→ **Task to complete**: Exact reproduction required: the lines below from the line with "St. Joan of" to the line with "KONSOLA SONY PLAYSTATION", both ends included, and no others.

Records from a data collection
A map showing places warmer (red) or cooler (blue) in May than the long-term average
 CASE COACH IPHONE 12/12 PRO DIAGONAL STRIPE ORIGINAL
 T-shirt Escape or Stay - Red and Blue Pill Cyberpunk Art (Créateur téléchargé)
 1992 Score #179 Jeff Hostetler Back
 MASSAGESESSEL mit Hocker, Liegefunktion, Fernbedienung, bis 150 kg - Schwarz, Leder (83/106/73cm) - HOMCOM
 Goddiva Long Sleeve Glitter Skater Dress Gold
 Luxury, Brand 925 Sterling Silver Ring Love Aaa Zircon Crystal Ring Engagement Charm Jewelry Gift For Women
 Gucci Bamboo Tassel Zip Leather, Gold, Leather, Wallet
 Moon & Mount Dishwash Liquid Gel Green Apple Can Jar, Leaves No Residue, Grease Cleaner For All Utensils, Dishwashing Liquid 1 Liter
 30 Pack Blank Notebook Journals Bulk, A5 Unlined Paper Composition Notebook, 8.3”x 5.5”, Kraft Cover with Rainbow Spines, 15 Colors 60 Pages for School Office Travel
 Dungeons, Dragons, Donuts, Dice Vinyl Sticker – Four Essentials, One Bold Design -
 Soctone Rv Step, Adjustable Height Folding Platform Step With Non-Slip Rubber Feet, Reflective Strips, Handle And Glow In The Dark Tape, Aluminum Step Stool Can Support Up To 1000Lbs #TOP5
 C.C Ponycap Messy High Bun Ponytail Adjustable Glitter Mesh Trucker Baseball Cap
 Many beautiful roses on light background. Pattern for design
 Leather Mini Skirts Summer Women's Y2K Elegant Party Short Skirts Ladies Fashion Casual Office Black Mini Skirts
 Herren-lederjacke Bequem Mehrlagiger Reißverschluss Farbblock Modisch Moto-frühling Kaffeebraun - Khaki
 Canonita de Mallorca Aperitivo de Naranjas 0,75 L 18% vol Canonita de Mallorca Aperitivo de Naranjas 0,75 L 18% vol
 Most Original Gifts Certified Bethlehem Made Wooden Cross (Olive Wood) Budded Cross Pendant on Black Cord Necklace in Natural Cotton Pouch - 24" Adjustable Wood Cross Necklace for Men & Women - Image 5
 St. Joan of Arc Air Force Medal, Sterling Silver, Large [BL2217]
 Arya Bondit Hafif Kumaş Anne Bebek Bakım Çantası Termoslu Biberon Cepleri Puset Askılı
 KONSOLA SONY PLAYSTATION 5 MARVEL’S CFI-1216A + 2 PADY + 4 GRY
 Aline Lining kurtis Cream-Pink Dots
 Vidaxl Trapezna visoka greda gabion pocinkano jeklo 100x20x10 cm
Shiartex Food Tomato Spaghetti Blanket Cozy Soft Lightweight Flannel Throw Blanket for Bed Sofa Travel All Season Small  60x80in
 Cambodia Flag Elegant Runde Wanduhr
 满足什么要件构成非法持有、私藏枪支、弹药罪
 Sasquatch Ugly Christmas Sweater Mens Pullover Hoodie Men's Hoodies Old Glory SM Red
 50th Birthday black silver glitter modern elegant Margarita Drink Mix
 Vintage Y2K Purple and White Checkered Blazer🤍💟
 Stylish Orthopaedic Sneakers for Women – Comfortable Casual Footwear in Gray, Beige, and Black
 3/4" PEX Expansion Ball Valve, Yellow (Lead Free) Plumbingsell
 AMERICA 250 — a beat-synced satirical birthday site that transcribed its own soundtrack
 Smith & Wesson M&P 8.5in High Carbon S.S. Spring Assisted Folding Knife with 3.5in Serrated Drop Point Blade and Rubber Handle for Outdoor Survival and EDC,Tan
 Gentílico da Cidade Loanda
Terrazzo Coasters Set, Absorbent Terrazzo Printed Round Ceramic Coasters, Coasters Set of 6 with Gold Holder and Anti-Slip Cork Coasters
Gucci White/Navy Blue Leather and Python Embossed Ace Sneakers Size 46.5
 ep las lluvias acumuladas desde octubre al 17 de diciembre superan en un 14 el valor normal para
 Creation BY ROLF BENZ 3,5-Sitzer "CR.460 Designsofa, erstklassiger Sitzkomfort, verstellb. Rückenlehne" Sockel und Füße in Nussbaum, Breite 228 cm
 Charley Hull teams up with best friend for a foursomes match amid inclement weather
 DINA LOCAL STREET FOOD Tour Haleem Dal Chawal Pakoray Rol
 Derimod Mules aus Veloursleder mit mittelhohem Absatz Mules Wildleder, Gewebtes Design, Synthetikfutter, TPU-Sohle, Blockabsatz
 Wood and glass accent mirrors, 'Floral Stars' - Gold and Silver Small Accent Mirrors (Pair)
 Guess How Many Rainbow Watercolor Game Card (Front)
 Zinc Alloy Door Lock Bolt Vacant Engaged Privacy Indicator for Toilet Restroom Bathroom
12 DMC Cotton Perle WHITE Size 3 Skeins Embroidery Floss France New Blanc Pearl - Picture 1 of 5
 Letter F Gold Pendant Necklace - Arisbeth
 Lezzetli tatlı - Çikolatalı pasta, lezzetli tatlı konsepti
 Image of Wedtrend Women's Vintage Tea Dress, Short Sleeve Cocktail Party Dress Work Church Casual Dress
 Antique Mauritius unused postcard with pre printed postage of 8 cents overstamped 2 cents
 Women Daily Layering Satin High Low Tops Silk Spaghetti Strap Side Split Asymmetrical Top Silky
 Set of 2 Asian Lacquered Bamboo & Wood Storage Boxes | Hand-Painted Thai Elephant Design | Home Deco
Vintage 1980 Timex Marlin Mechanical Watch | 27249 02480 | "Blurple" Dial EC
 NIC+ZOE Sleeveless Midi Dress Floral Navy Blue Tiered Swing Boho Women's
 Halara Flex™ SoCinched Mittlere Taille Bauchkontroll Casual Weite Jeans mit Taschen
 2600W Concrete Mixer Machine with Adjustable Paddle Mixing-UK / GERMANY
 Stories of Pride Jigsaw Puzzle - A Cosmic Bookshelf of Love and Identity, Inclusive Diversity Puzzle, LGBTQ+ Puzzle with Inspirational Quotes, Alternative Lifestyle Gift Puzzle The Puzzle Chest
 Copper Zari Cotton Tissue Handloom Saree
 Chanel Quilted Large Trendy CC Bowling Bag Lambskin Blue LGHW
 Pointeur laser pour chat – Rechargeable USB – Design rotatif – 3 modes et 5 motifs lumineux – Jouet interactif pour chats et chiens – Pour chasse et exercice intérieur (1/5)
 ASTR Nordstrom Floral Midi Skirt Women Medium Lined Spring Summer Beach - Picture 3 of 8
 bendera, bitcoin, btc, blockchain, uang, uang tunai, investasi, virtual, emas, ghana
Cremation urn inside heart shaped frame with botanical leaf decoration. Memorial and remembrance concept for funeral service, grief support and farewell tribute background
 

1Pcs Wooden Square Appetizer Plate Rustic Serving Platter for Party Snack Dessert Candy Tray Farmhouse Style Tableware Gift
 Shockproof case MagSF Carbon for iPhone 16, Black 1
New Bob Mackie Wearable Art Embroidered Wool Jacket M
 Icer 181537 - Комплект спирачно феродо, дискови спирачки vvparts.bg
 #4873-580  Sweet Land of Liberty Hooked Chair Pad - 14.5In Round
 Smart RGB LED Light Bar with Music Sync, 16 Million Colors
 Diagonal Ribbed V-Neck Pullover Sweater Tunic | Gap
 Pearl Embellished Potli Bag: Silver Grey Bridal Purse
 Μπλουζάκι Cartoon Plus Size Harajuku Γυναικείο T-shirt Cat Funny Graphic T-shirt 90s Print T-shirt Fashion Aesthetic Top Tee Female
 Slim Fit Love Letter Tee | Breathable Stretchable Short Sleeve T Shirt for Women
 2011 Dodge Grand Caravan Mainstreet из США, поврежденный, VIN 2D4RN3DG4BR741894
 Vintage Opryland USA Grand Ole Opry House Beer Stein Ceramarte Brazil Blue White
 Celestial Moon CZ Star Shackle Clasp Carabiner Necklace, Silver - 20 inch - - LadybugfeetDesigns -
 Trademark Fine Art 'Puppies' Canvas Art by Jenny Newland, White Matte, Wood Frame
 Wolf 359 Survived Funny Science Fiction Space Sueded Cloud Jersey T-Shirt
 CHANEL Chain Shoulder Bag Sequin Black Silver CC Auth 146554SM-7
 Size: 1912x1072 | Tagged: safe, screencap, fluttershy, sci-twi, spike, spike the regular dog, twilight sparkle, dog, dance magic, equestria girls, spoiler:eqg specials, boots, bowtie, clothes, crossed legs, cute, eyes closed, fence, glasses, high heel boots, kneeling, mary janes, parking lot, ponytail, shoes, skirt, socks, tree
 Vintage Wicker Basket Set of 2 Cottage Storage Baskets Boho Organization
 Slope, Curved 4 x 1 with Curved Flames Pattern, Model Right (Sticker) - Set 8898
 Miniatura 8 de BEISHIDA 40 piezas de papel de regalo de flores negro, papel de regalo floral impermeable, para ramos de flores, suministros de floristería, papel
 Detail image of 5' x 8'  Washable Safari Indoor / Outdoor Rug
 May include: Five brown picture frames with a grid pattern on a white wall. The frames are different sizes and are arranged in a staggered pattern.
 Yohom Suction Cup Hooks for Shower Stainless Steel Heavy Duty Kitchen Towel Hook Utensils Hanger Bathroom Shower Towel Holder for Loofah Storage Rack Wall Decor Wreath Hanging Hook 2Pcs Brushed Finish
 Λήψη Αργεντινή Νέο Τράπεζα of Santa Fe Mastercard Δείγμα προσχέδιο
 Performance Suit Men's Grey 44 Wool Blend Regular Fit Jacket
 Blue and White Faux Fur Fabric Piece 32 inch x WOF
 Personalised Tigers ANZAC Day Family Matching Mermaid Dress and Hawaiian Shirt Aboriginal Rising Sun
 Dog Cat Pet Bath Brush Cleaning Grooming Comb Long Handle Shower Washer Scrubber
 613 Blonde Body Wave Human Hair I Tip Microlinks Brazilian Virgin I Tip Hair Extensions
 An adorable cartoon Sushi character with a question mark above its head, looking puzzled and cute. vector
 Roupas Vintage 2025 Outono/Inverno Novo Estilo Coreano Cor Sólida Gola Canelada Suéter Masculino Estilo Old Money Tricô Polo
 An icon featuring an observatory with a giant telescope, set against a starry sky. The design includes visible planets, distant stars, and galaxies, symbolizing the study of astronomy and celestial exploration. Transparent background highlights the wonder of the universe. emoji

→ **Task solution**:
 St. Joan of Arc Air Force Medal, Sterling Silver, Large [BL2217]
 Arya Bondit Hafif Kumaş Anne Bebek Bakım Çantası Termoslu Biberon Cepleri Puset Askılı
 KONSOLA SONY PLAYSTATION 5 MARVEL’S CFI-1216A + 2 PADY + 4 GRY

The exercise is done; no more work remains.